E se Hunted oferecia já motivos de sobra para discussão, a polémica em torno de Smuggled começou ainda antes de ter ido para o ar primeiro episódio – cuja transmissão foi, de resto, cancelada depois da notícia, a 23 de outubro, de que 39 pessoas tinham morrido num camião frigorífico em Essex, quando alegadamente tentavam entrar no país sem documentos. Adiada a estreia por respeito às vítimas, o Channel 4 não demoraria mais do que uma semana a pôr no ar o primeiro episódio de Smuggled, nesta segunda-feira. Mas uma semana não foi o suficiente para que o infortúnio fosse esquecido. E o Ministério do Interior britânico, responsável pelo controlo das fronteiras, não demorou a reagir, acusando o Channel 4 de “insensibilidade e irresponsabilidade”. Segundo declarações off-the-record que estão a ser citadas pela imprensa britânica, terá mesmo chegado a sugerir a cadeia televisiva responsável pela transmissão de Smuggled de ter “sangue nas mãos” ao, através do programa, estar a incentivar à reprodução das estratégias e das rotas transmitidas por traficantes reais.
Depois de na segunda-feira à noite terem sido transmitidas na televisão britânica quatro tentativas de entrada no país fugindo ao controlo das autoridades, não foi apenas o Ministério do Interior a insurgir-se contra o novo programa apresentado como reality documentary. Uma pessoa escondida num armário, outra coberta de casacos atrás dos bancos da frente numa carrinha que assim foi capaz de chegar de Dover a Calais, um passaporte falso ou mesmo um homem a cruzar o Canal da Mancha num barco a remos – isto é apenas um resumo daquilo que se pôde ver num primeiro episódio que gerou discussão.

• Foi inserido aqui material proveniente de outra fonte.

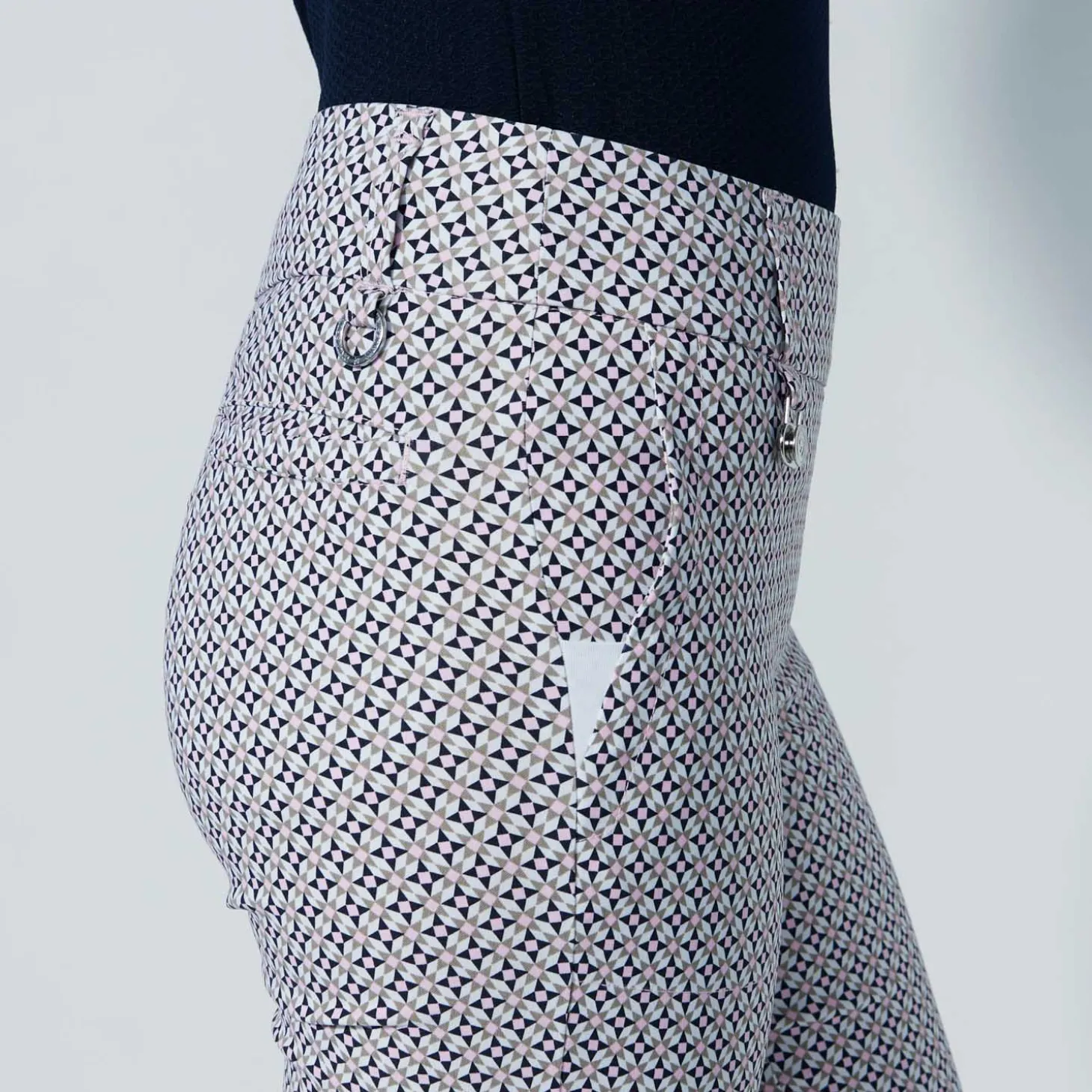 Magic Motif High Water 94 Cm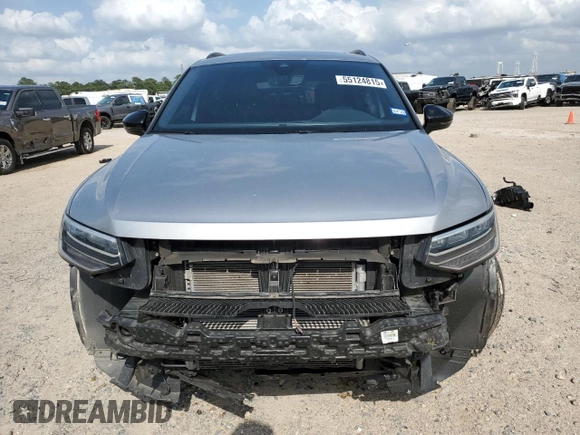 2022 Volkswagen Tiguan SE R-Line Black with VIN 3VVCB7AX6NM140264, listed as a Copart auction lot 55124815 with 28,340 mi miles and Salvage title. Bid and sale history available at DreamBid. Image 5.
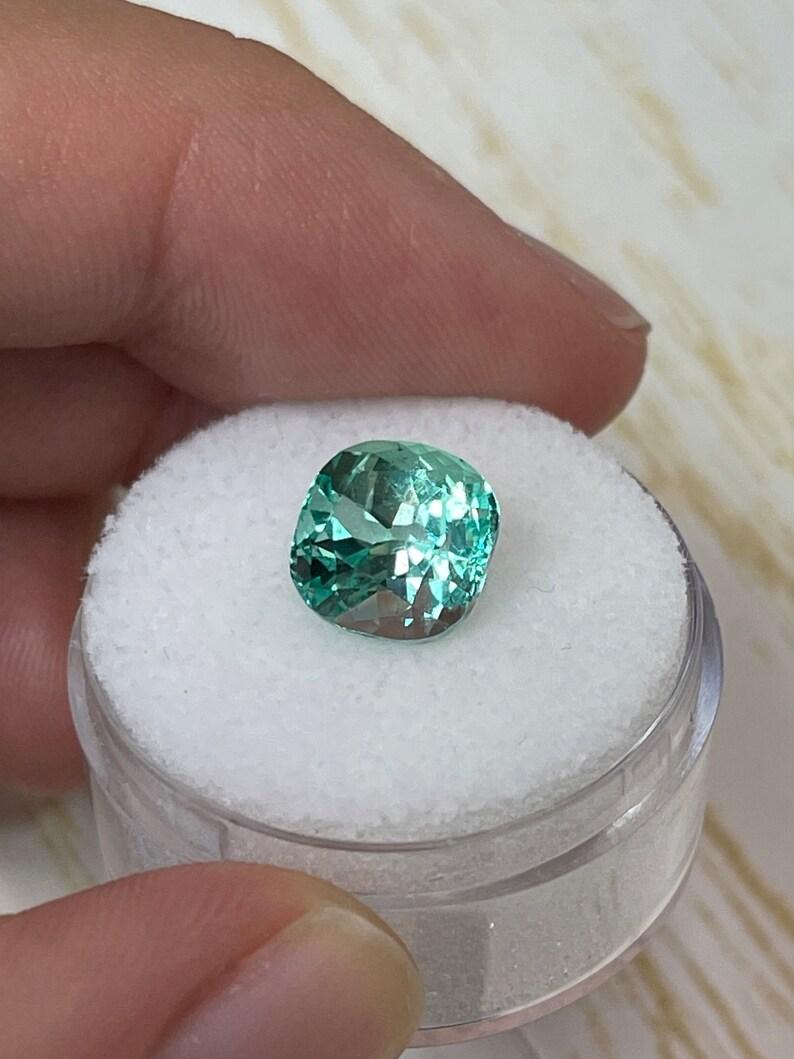 Moderno Smeraldo colombiano verde chiaro pastello da 3,31 carati - Gemma allungata con taglio a cuscino in vendita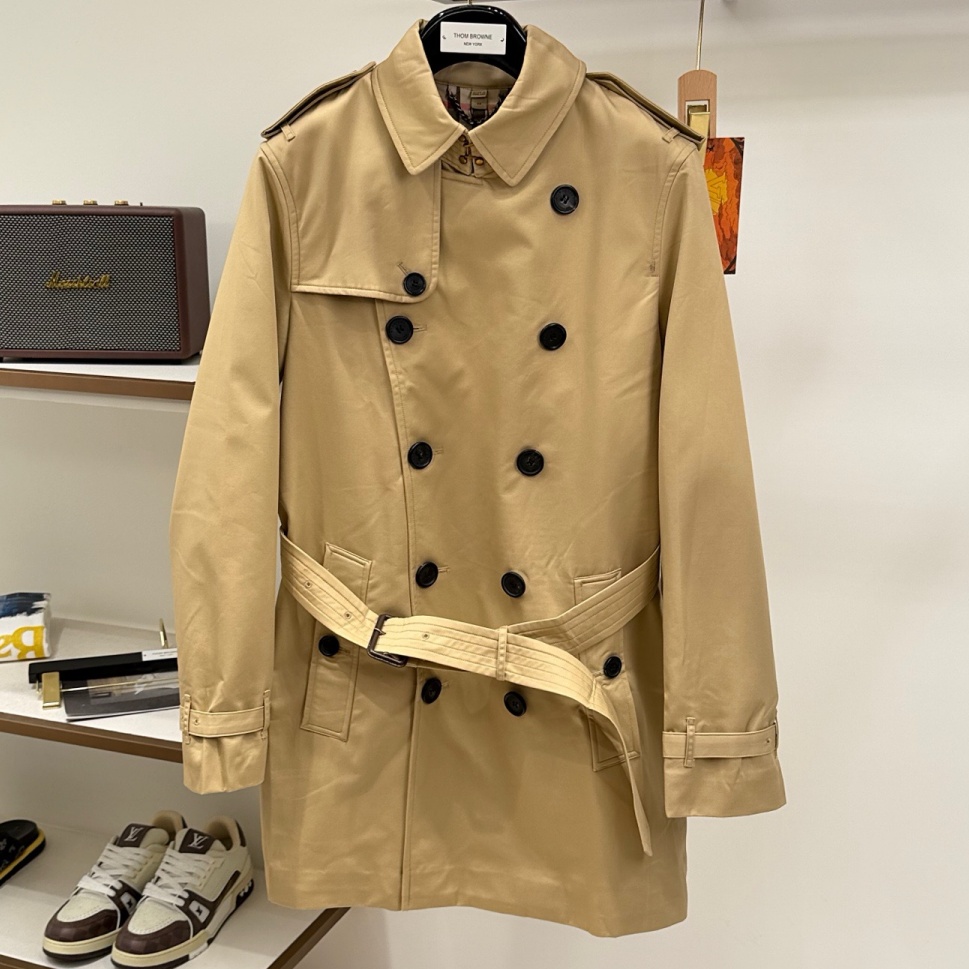 [홍콩명품.BURBERRY] 버버리 2026 남성용 코트 BU1937 HD 홍콩명품의류,구매대행,온라인명품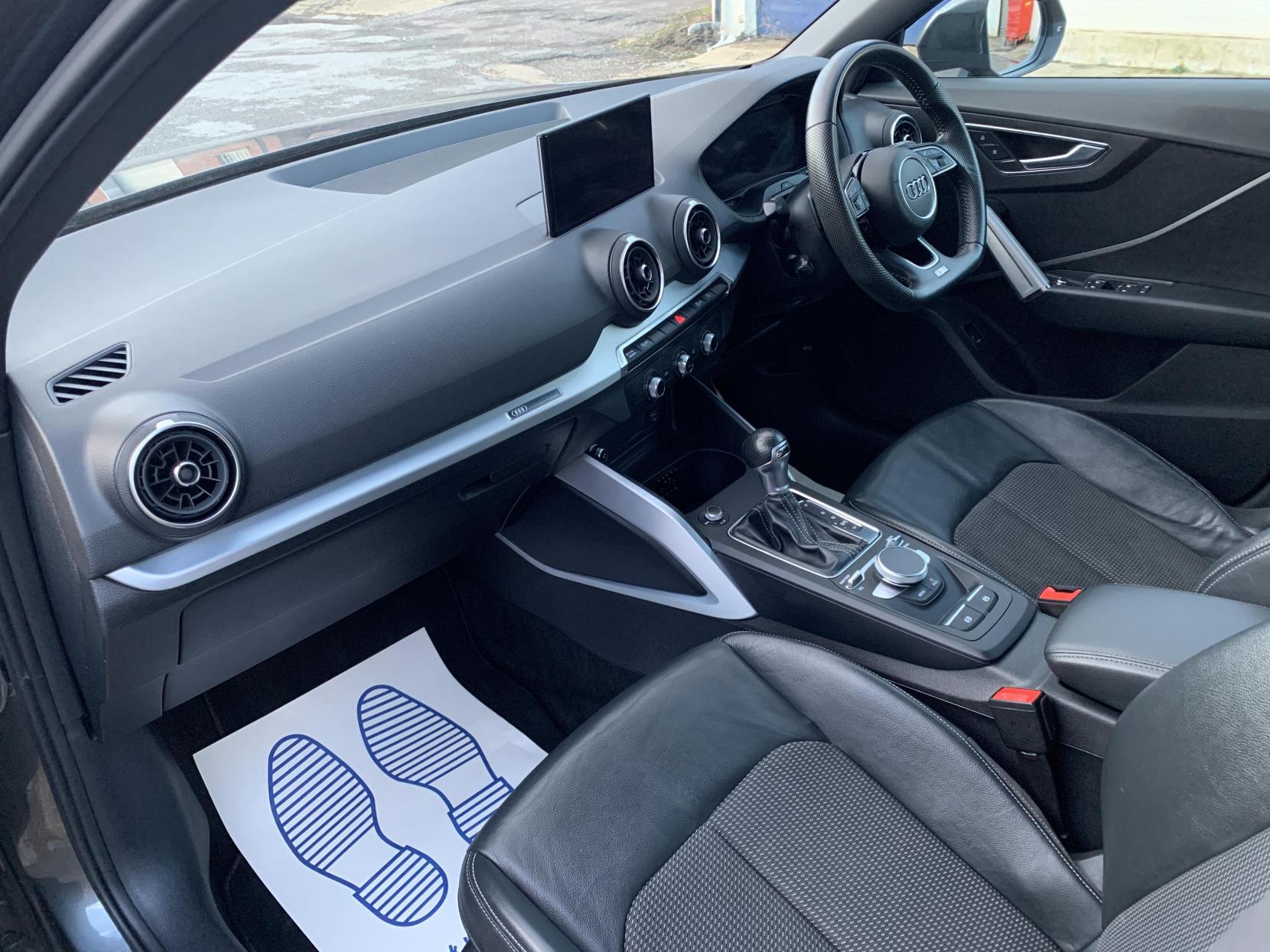 Audi Q2 1.6 TDI 30 S line SUV 5dr Diesel S Tronic Euro 6 (s/s) (116 ps)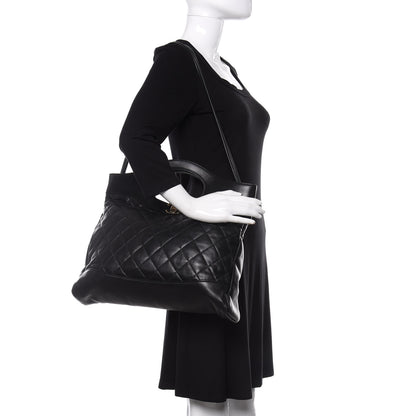 Chanel Lambskin Quilted Large 31 Shopping Bag Black 2 of 10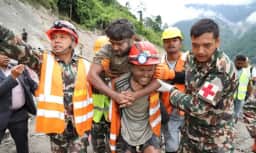 Dois sobreviventes são resgatados de túnel no Nepal após mais de uma semana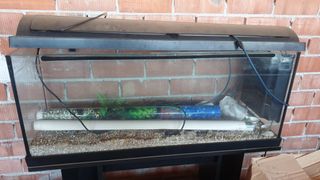 Acuario de 100l con mueble (tal cual está)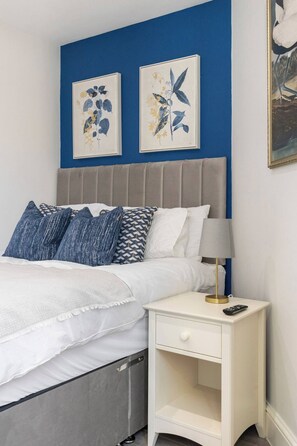 واي فاي مجانًا وملاءات أسرّة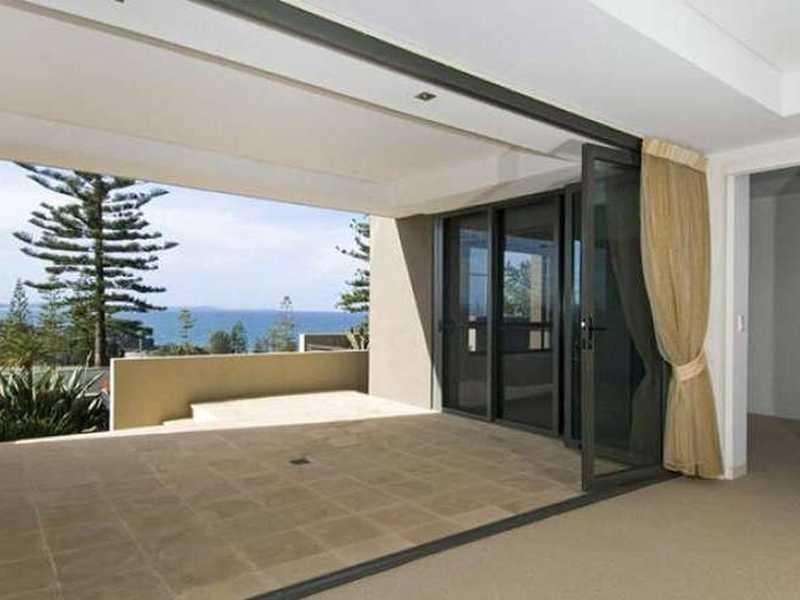 2/12 Burrawan Street, Port Macquarie NSW 2444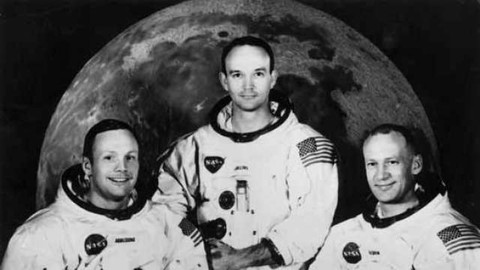 Neil Armstrong eşyaları 7,4 milyon dolara satıldı!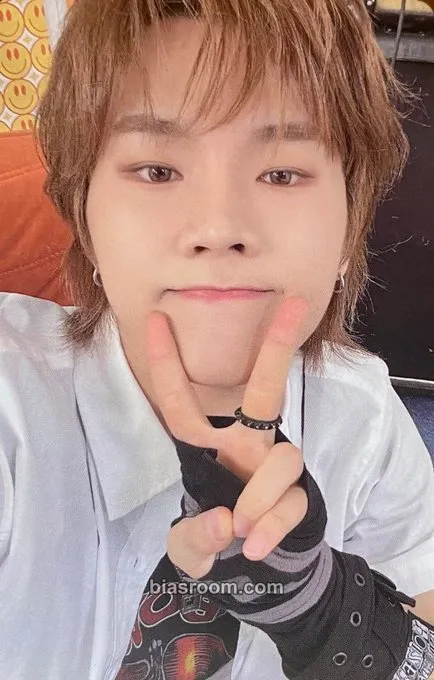 Jungsu Xdinary Heroes 1st Fanmeeting "Band Club XV: 2023 Summer Camp" Photocard - Xdinary Heroes - Xdinary Heroes K-pop photocard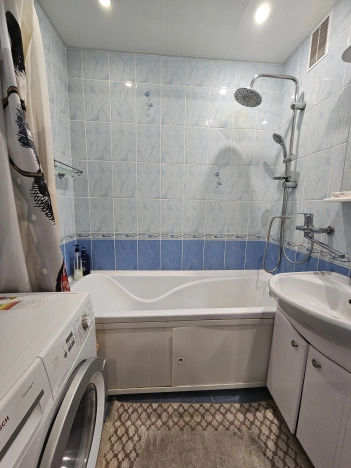 Купить квартиру в Тобольске. Вариант № 9924680, 21, площадь -  квм, цена 4700000 рублей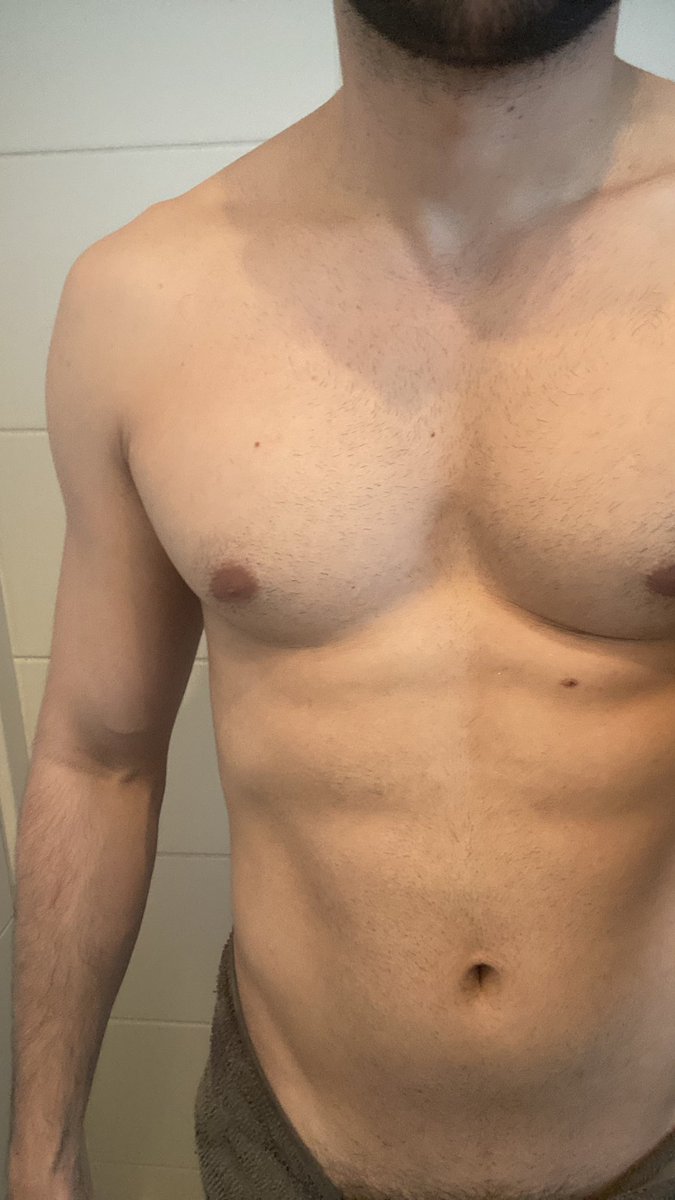 chikusantu58's tweet photo. Clean chest ❤️🥵 https://t.co/JCPElmA7cH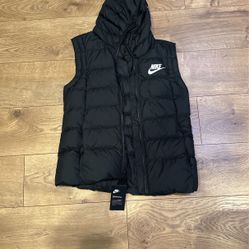 New Women’s Nike Vest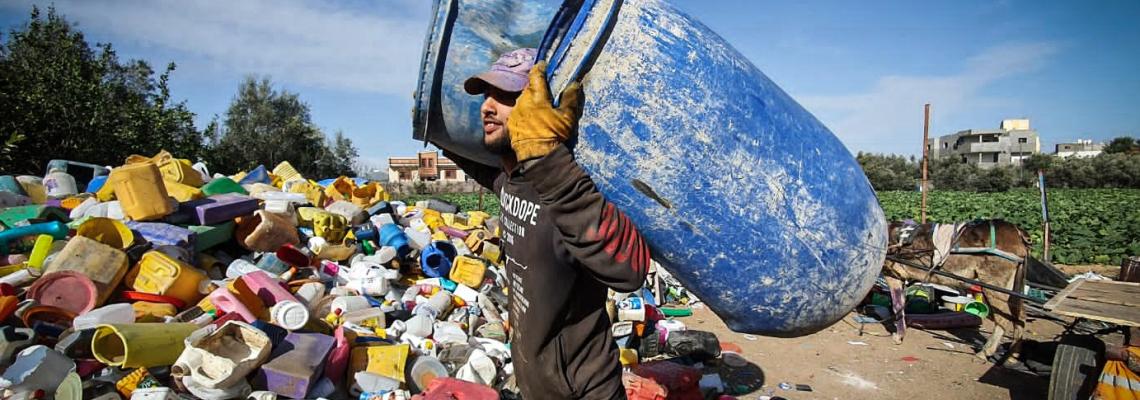 عمال يجمعون ويعيدون تدوير النفايات في خان يونس لكسب لقمة عيشهم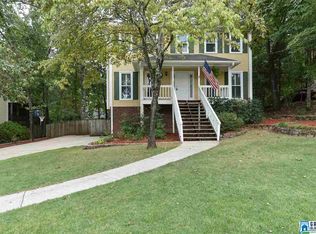 923 Falling Star Ln, Alabaster, AL 35007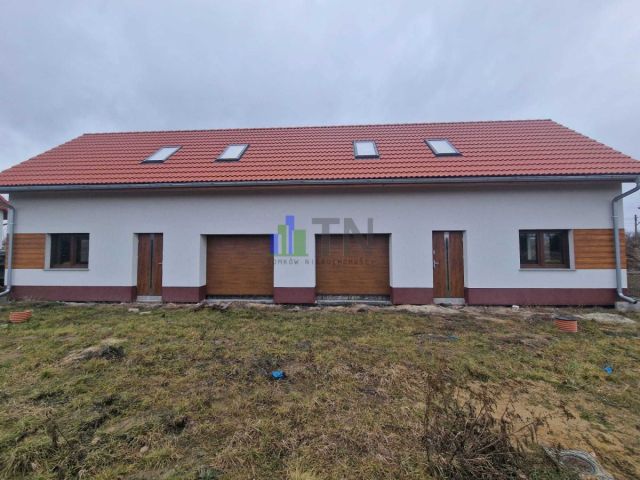 bliźniak, 3 pokoje Jelcz-Laskowice. Zdjęcie 2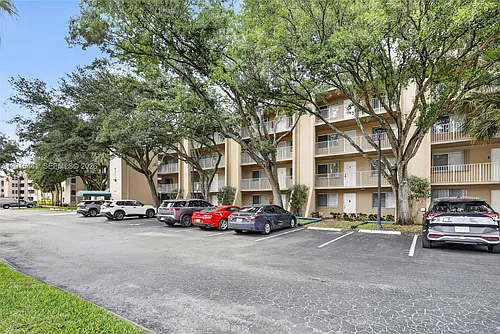 9470 Tangerine Pl #105 Photo 1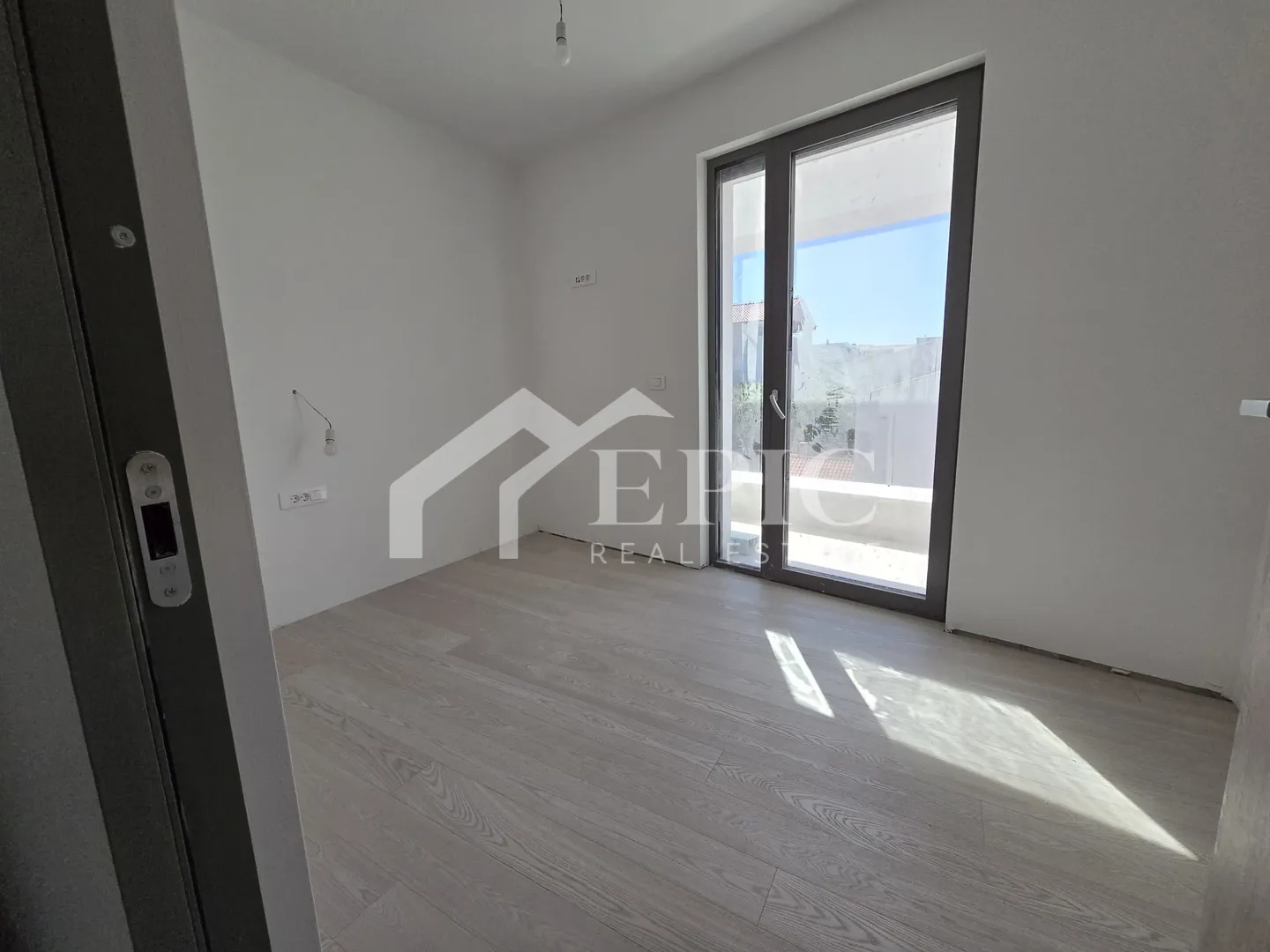penthouse u odličnoj novogradnji - slika 21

Um “espetáculo” que se a uns parece desrespeitador daqueles que arriscam as suas vidas ao tentarem entrar no país sem documentos, leva outros a argumentar que as preocupações expressas pelo Ministério do Interior não são de cariz moral ou sequer securitário, mas antes a colocação a descoberto das suas falhas. “Se um indivíduo tentar uma das [táticas] usadas, e morrer, aí a estação poderá ter, como o Ministério do Interior argumentou, ‘sangue nas mãos’”, escrevia ontem Mark Lawson no Guardian. “Mas do Governo pode dizer-se que tem já os seus dedos cobertos de vermelho ao permitir que o tráfico de migrantes seja tão simples como Smuggled o faz parecer”.